Komisja Europejska usłyszała te głosy. Odpowiedzią jest tzw. Omnibus I, czyli pakiet zmian, który ma zadziałać jak zastrzyk efektywności dla unijnego systemu raportowania ESG.

Mniej danych, więcej sensu

Jednym z kluczowych elementów uproszczeń jest redukcja liczby wymaganych punktów danych w formularzach raportowania. W przypadku spółek niefinansowych to cięcie sięga aż 64%, a dla instytucji finansowych – nawet 89%.

Czyli: mniej nieczytelnych tabelek, więcej przejrzystości. Komisja chce, aby firmy nie traciły energii na jałowe analizy marginalnych działań, które mają znikomy wpływ na ich profil środowiskowy.

Nie wszystko musi być zrównoważone

Zgodnie z nowymi zasadami, zarówno firmy finansowe, jak i niefinansowe będą mogły pominąć ocenę zgodności z taksonomią dla działań niematerialnych. Co to oznacza w praktyce?

Dla przedsiębiorstw niefinansowych: jeśli dana działalność generuje mniej niż 10% przychodów, nakładów inwestycyjnych (CapEx) lub kosztów operacyjnych (OpEx), nie trzeba będzie jej uwzględniać w ocenie taksonomii.

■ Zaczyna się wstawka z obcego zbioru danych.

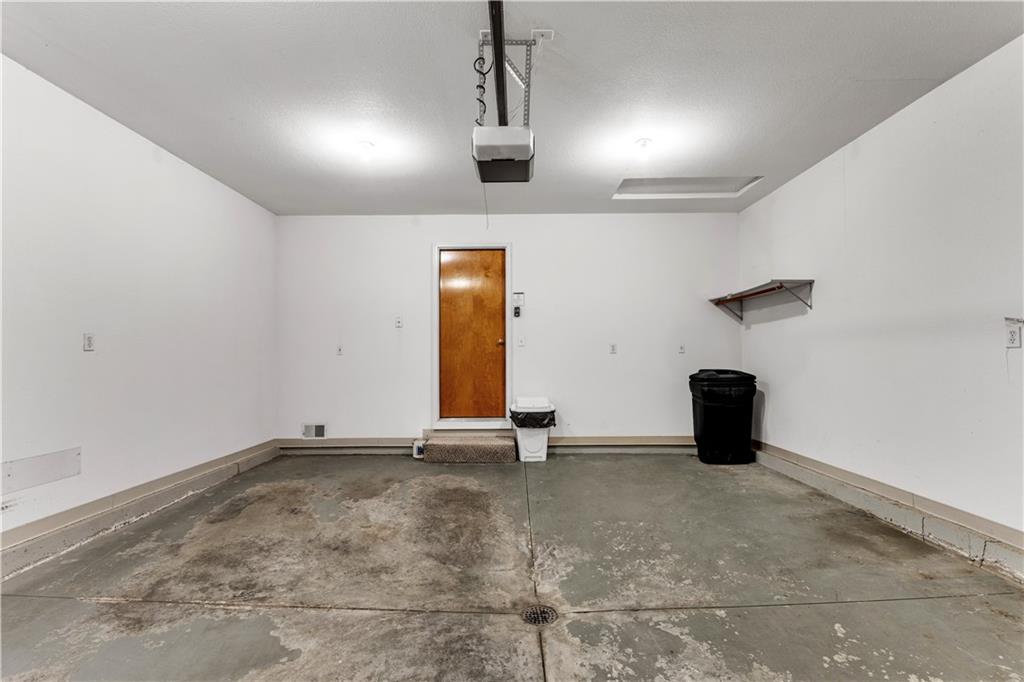 4909 Ashbey Drive Property Photo 35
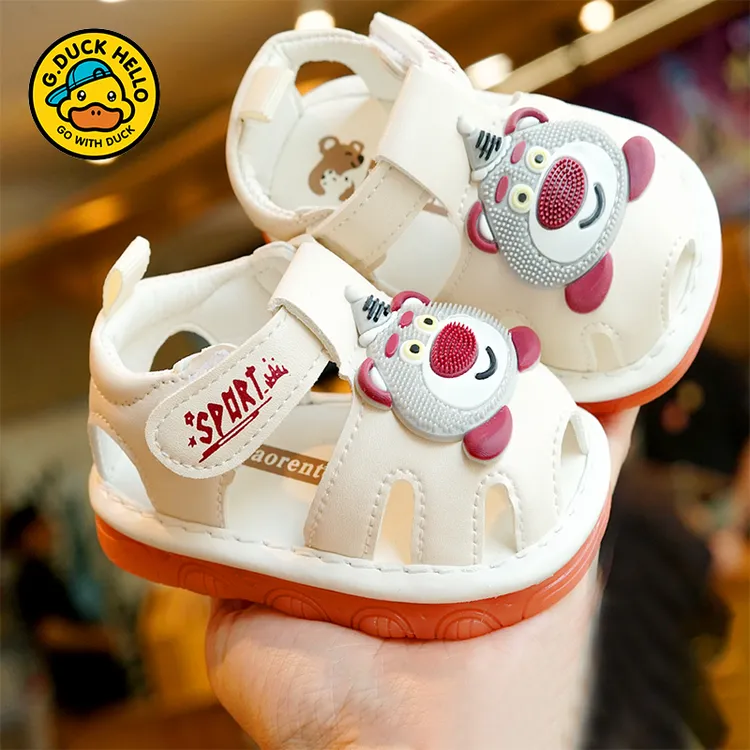小黄鸭夏季凉鞋初学者宝宝鞋子婴儿鞋子软底防滑叫叫鞋卡通学步鞋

Dla banków: uproszczone zostaną wskaźniki takie jak green asset ratio (GAR), a na dodatek przez dwa lata nie będą one zobowiązane do pełnego raportowania kluczowych wskaźników taksonomicznych. Ulgę poczują więc zarówno giganci finansowi, jak i mniejsze instytucje.

Zasada „nie szkodzić” w nowej wersji

Kolejna zmiana dotyczy jednego z filarów taksonomii: zasady „do no significant harm” (DNSH). Dotychczasowe kryteria w obszarze zapobiegania zanieczyszczeniom i kontroli substancji chemicznych były często uznawane za niejasne i trudne do zastosowania. Nowa wersja przynosi uproszczenie tych wymogów, co ma przyspieszyć ich wdrażanie i zmniejszyć ryzyko błędnej interpretacji.

Od kiedy obowiązują zmiany?

Przyjęte zmiany mają wejść w życie 1 stycznia 2026 r. i będą obowiązywać w odniesieniu do roku finansowego 2025. Istnieje jednak furtka – firmy, które uznają, że wygodniej będzie im zastosować nowe zasady dopiero od 2026 r., mogą to zrobić. W międzyczasie Parlament Europejski i Rada UE mają cztery miesiące (z możliwością przedłużenia o kolejne dwa) na ewentualne zgłoszenie uwag.

Czy uproszczenia nie zagrażają celom klimatycznym?

Można zapytać: czy to cięcie biurokracji nie odbije się na jakości informacji i nie osłabi skuteczności taksonomii? Komisja uspokaja. Cytując Marię Luís Albuquerque, komisarz ds. usług finansowych: „Nasze zielone ambicje i potrzeby konkurencyjności muszą iść w parze. Dzisiejszy krok upraszcza stosowanie taksonomii, nie porzucając długoterminowych celów”.

Uproszczenia mają być racjonalne, a nie rezygnacją z zasad. Chodzi o to, by zrównoważony rozwój był nie tylko regulacyjnym ideałem, ale też praktyką możliwą do wdrożenia w codzienności biznesowej.

Dla firm – szczególnie tych średnich i dużych – zmiany oznaczają mniejsze obciążenie administracyjne, większą elastyczność i jasność w interpretacji przepisów. Dla inwestorów – większą przejrzystość i większe prawdopodobieństwo, że raporty ESG będą rzeczywiście porównywalne i wiarygodne.

Jeśli uproszczenia rzeczywiście zadziałają zgodnie z założeniami, taksonomia ma szansę stać się tym, czym miała być od początku – kompasem, a nie biurokratycznym labiryntem.